Brief => Reproduce the whole listing below without its pictures, exactly as written.

Data provided =>
****************

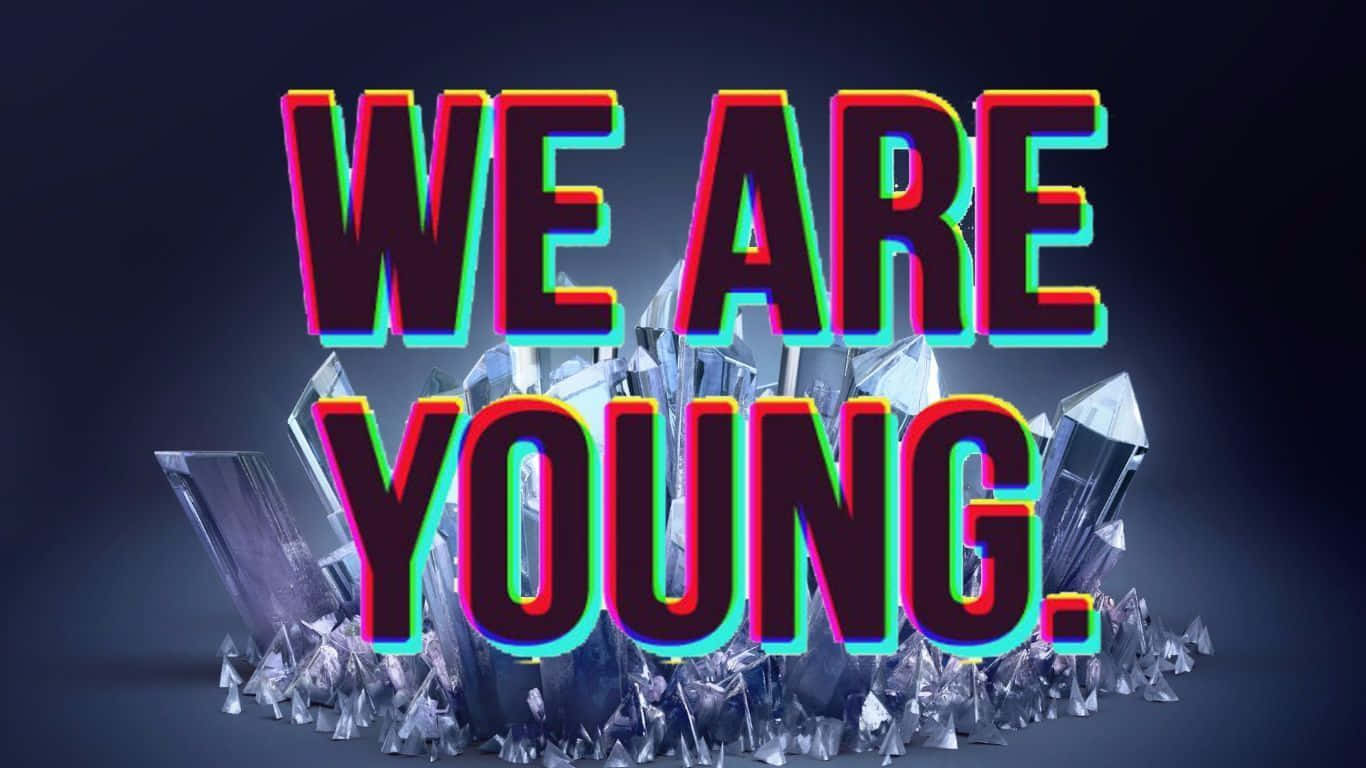 霓虹文字 WE ARE YOUNG 從玻璃晶體中升起，背景深色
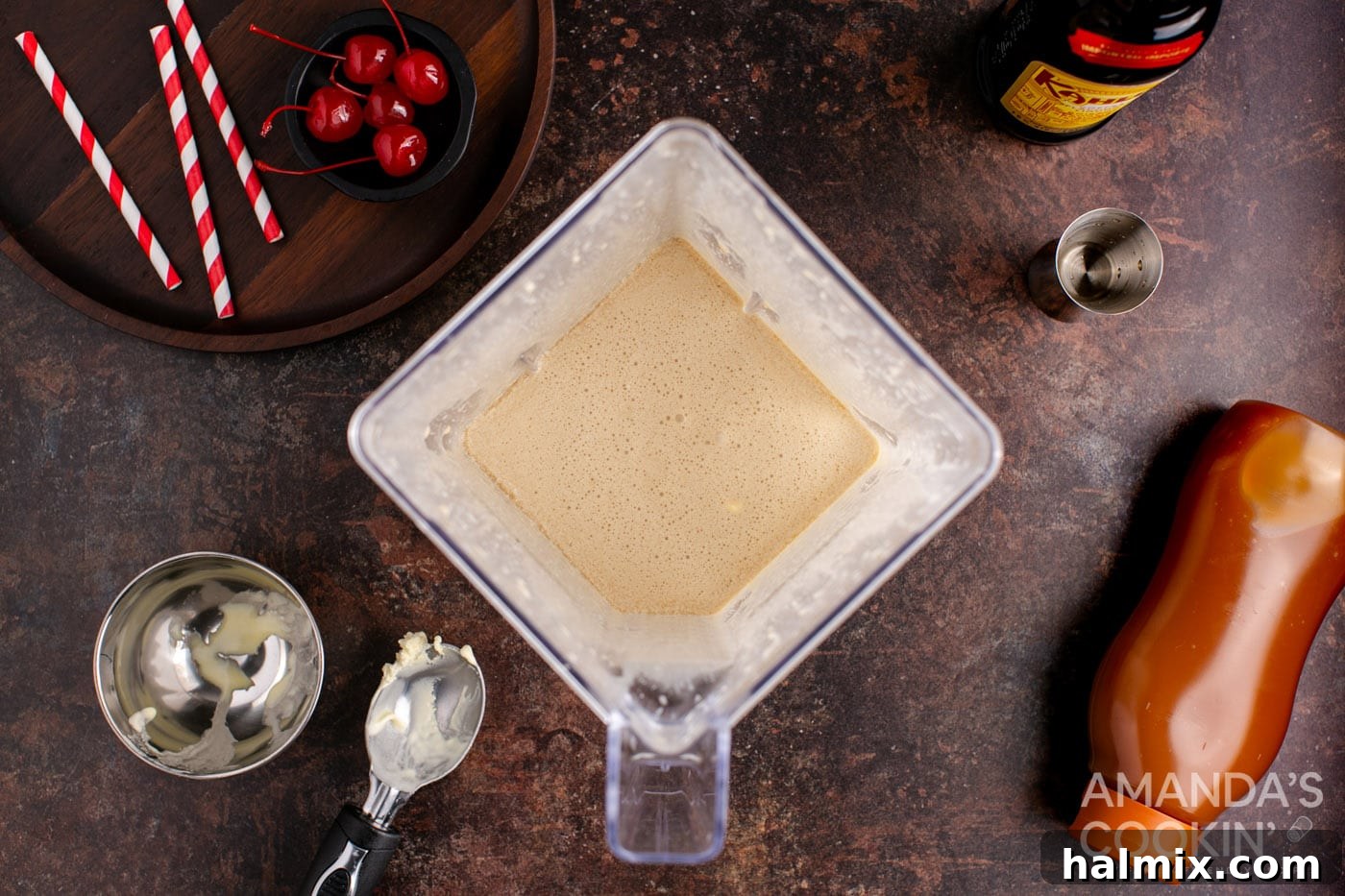 Spiked Butterscotch Shake 5 All cocktail ingredients, including butterscotch schnapps, Kahlua, and vanilla ice cream, ready to be blended in a high-speed blender.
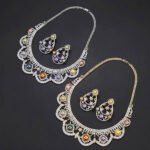 Wholesale Scallop Pearl Set featuring CZ scalloped lace arches with colorful shell pearls on gold plated copper from JuneJewelry.com.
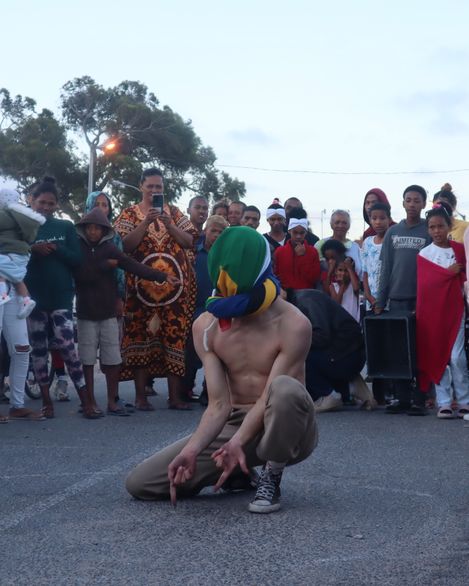 A shirtless muscular man wearing a colorful head covering kneels on the ground pointing downward with his fingers while a diverse group of people of various ages stands around him on a street.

****************

Solution to this exercise =>
 霓虹文字 WE ARE YOUNG 從玻璃晶體中升起，背景深色
 Spiked Butterscotch Shake 5 All cocktail ingredients, including butterscotch schnapps, Kahlua, and vanilla ice cream, ready to be blended in a high-speed blender.
 Wholesale Scallop Pearl Set featuring CZ scalloped lace arches with colorful shell pearls on gold plated copper from JuneJewelry.com.
 A shirtless muscular man wearing a colorful head covering kneels on the ground pointing downward with his fingers while a diverse group of people of various ages stands around him on a street.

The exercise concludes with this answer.